Work instruction -
What you produce should be an exact transcription of the data, minus any pictures.

Extracted material -
————

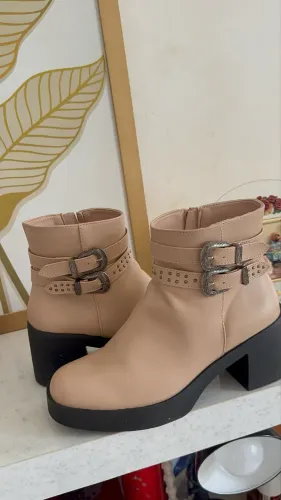 Bota bege 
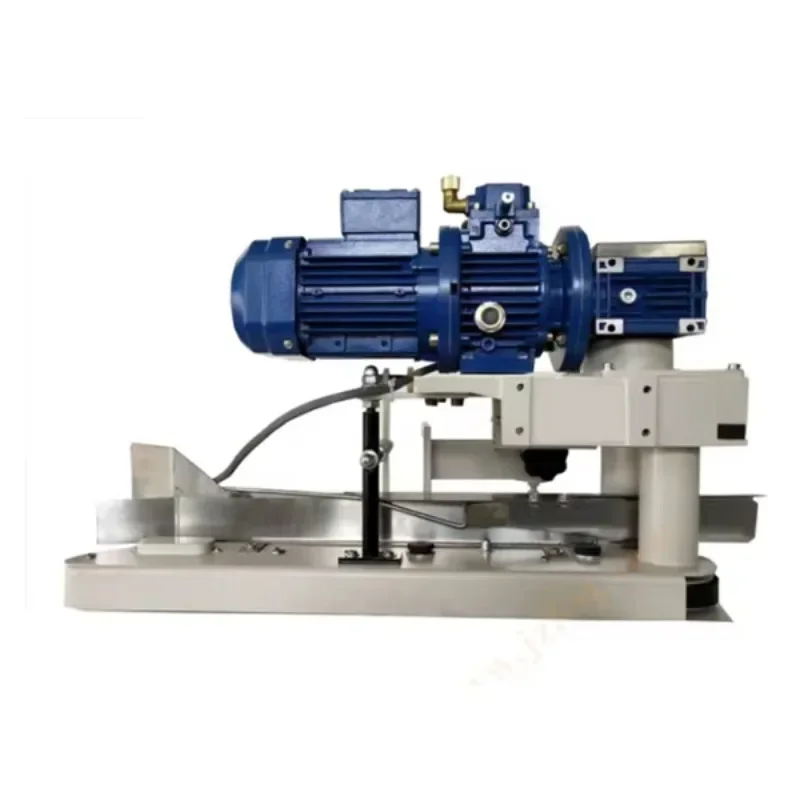 Open the bag folding machine bag feed folding machine stable bag delivery, precise folding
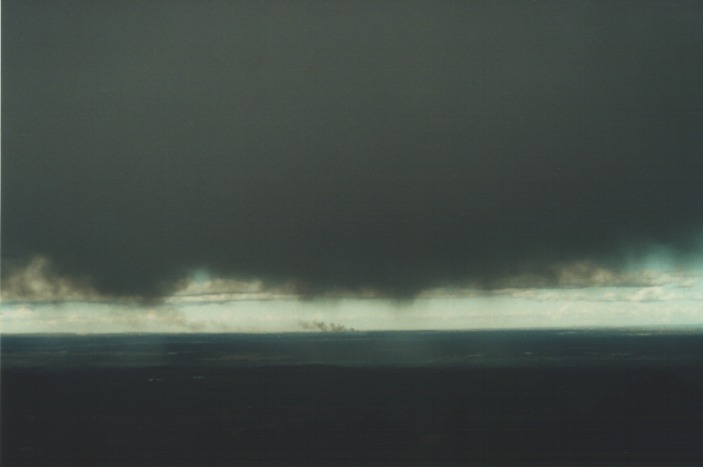 cumulonimbus thunderstorm_base : Kurrajong, NSW   27 July 2000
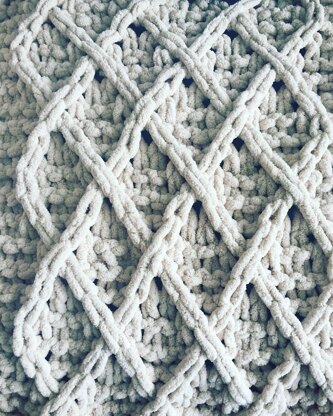 Irish Aran Cabled Trellis Blanket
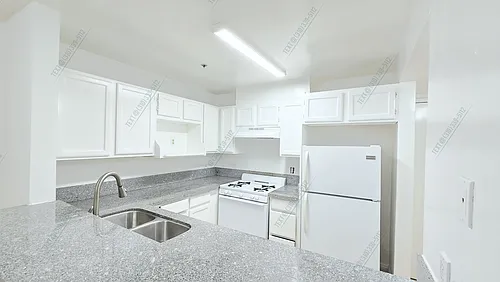 519 S Manhattan Pl #206 Photo 1 519 S Manhattan Pl #206 Photo 1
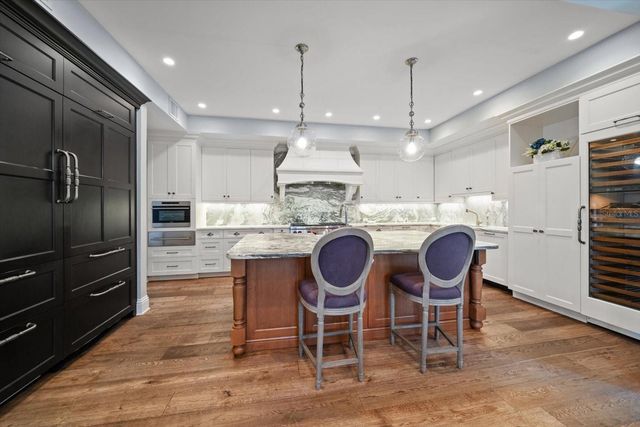 1102 PALM VIEW AVENUE, Belleair, FL 33756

————

Solution -
 Bota bege 
 Open the bag folding machine bag feed folding machine stable bag delivery, precise folding
 cumulonimbus thunderstorm_base : Kurrajong, NSW   27 July 2000
 Irish Aran Cabled Trellis Blanket
 519 S Manhattan Pl #206 Photo 1 519 S Manhattan Pl #206 Photo 1
 1102 PALM VIEW AVENUE, Belleair, FL 33756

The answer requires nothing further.